Advancing Neurologic Care in the Intensive Care Nursery

1. Avoiding hyperthermia and maintaining normal glucose, carbon dioxide and oxygen, and blood pressure can help to minimize brain injury.

2. Clinical observation of seizures is not reliable.

After completing this article, readers should be able to:

1. Explain the benefits of brain-focused care.

2. Identify clinical, neurophysiologic, and radiographic signs of encephalopathy and brain injury.

3. Incorporate brain-focused care into daily clinical practice.

Neonates with critical illnesses are now surviving after hospitalization thanks to advances in resuscitation and cardiopulmonary support. However, the risk of neurologic injuries and lifelong disabilities remains unchanged. Neurologic conditions in the neonatal intensive care unit (NICU) are common; up to 25% of children at tertiary care hospitals are diagnosed as having neurologic conditions, including encephalopathy and HIE, as well as seizures, stroke, and intracranial hemorrhage. (1)(2)

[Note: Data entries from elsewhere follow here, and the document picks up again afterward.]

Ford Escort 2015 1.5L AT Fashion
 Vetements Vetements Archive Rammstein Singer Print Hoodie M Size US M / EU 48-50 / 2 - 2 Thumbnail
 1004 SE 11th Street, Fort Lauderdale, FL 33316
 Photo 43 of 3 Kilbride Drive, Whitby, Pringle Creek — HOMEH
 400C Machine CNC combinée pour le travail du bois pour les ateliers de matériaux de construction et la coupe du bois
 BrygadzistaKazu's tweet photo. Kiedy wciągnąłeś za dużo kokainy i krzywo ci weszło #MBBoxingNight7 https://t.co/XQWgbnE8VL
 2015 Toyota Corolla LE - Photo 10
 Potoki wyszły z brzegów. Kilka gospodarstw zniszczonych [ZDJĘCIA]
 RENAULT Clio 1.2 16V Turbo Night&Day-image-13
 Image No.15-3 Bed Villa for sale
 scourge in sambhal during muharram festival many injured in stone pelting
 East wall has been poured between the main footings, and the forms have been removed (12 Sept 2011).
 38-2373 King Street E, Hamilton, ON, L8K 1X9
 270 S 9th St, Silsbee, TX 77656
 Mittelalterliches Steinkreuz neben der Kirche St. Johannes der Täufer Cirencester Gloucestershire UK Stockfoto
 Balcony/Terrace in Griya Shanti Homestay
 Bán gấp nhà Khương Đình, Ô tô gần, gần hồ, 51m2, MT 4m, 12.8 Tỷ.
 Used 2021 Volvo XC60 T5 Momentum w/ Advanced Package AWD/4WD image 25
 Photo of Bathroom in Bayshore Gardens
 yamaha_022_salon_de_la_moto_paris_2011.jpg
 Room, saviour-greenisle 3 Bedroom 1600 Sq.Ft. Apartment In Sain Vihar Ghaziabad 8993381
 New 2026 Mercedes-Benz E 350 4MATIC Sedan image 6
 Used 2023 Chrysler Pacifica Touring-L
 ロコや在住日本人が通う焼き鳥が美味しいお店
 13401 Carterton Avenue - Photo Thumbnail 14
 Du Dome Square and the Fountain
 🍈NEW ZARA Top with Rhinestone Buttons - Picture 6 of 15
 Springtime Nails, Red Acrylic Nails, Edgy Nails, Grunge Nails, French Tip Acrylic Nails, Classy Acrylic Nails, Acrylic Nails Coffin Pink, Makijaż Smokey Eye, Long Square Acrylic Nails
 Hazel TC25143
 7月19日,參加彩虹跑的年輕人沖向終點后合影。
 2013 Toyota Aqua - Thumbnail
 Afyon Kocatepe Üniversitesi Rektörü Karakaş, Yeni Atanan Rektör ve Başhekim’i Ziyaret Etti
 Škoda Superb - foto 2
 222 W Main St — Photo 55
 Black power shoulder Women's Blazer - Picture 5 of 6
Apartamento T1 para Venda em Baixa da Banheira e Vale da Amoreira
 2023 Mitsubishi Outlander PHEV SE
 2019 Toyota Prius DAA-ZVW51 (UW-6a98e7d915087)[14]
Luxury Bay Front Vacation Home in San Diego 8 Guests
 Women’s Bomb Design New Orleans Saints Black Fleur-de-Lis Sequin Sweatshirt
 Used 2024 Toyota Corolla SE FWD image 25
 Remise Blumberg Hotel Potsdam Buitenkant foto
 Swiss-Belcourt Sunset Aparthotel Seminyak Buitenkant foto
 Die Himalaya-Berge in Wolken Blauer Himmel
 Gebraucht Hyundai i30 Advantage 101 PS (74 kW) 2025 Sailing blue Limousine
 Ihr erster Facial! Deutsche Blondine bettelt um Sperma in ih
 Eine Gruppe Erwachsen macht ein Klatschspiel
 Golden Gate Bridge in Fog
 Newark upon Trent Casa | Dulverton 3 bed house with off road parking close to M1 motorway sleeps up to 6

Brain-focused care for neonates evolved from the adult neurocritical care model, where a coordinated approach by the bedside improves outcomes, through the following:

1. Early recognition and treatment of neurologic conditions;

2. Prevention of secondary brain injury through attention to basic physiologic factors (temperature regulation, glucose homeostasis, oxygenation, and blood pressure support);

3. Consistent management using guidelines and protocols; and

4. Use of experienced specialized teams at dedicated referral centers. (3)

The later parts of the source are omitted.